• [Problem statement]:
All of the lines below are to be transcribed faithfully, with pictures excluded from the copy.

• [The data]:
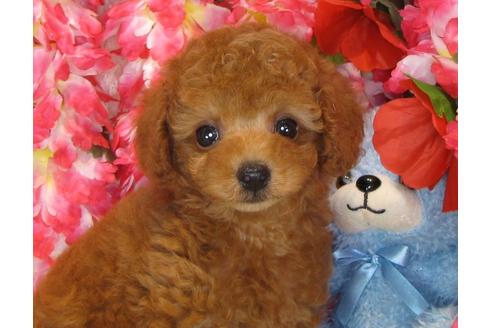 成約済の茨城県のトイプードル-33739の5枚目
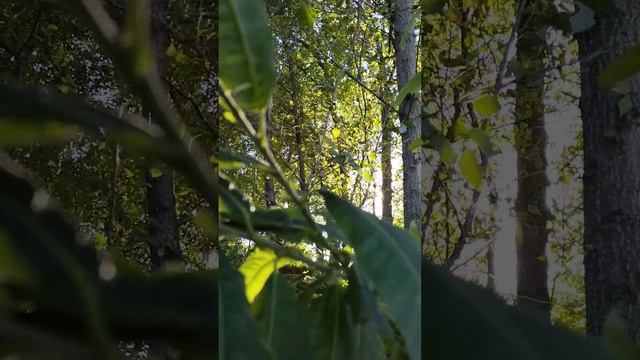 Зелёный момент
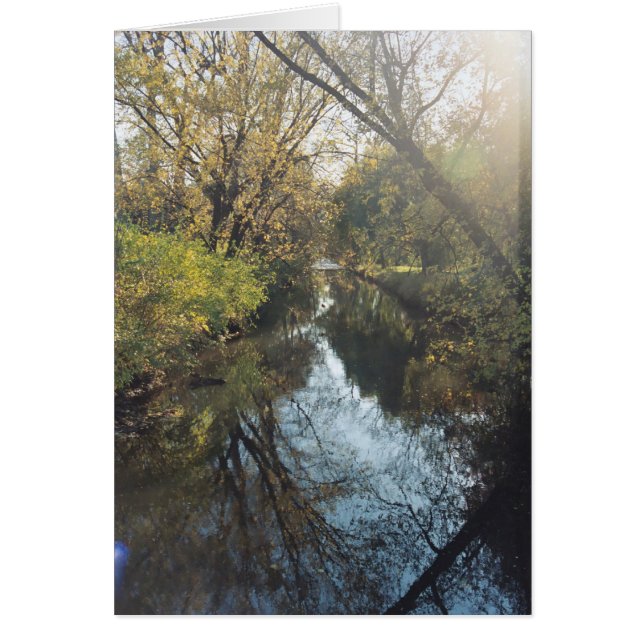 Waterreflecterende bomen (Voorkant)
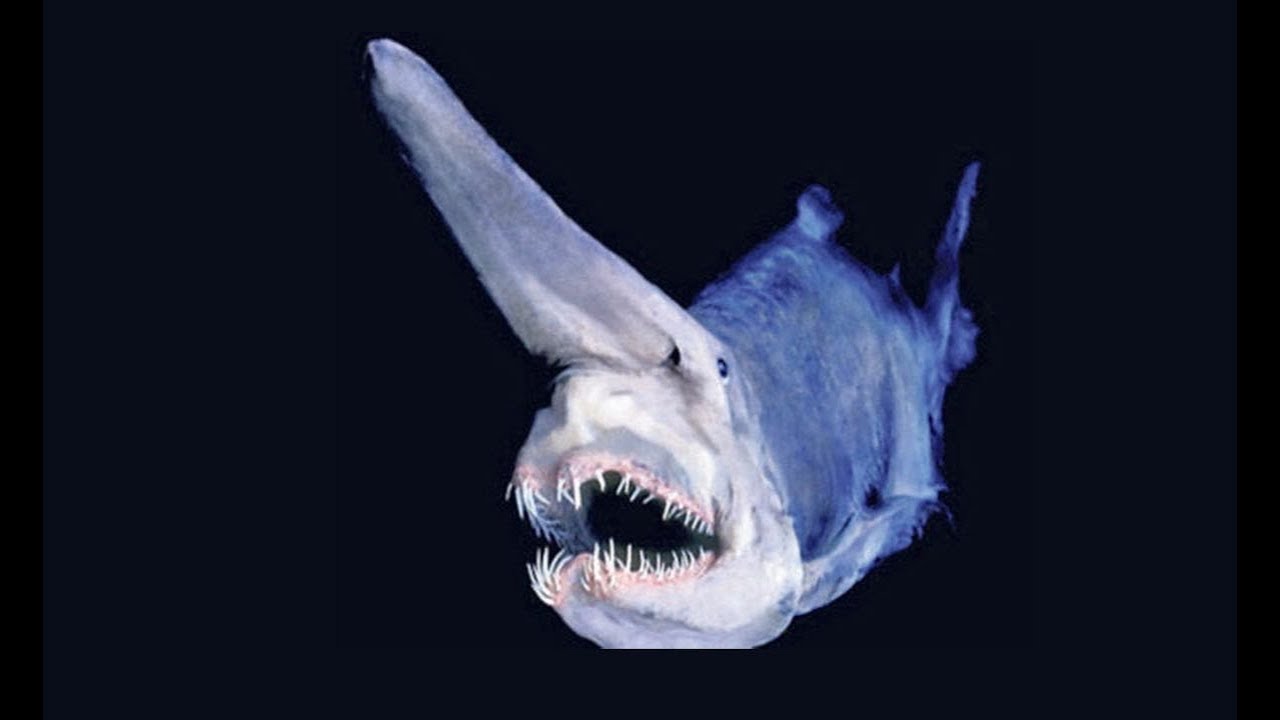 глубоководный удильщик. европейский удильщик. морские чудовища марианской впадины. рыба удильщик марианская впадина. длиннорогий саблезуб малек.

• [Response to the task]:
 成約済の茨城県のトイプードル-33739の5枚目
 Зелёный момент
 Waterreflecterende bomen (Voorkant)
 глубоководный удильщик. европейский удильщик. морские чудовища марианской впадины. рыба удильщик марианская впадина. длиннорогий саблезуб малек.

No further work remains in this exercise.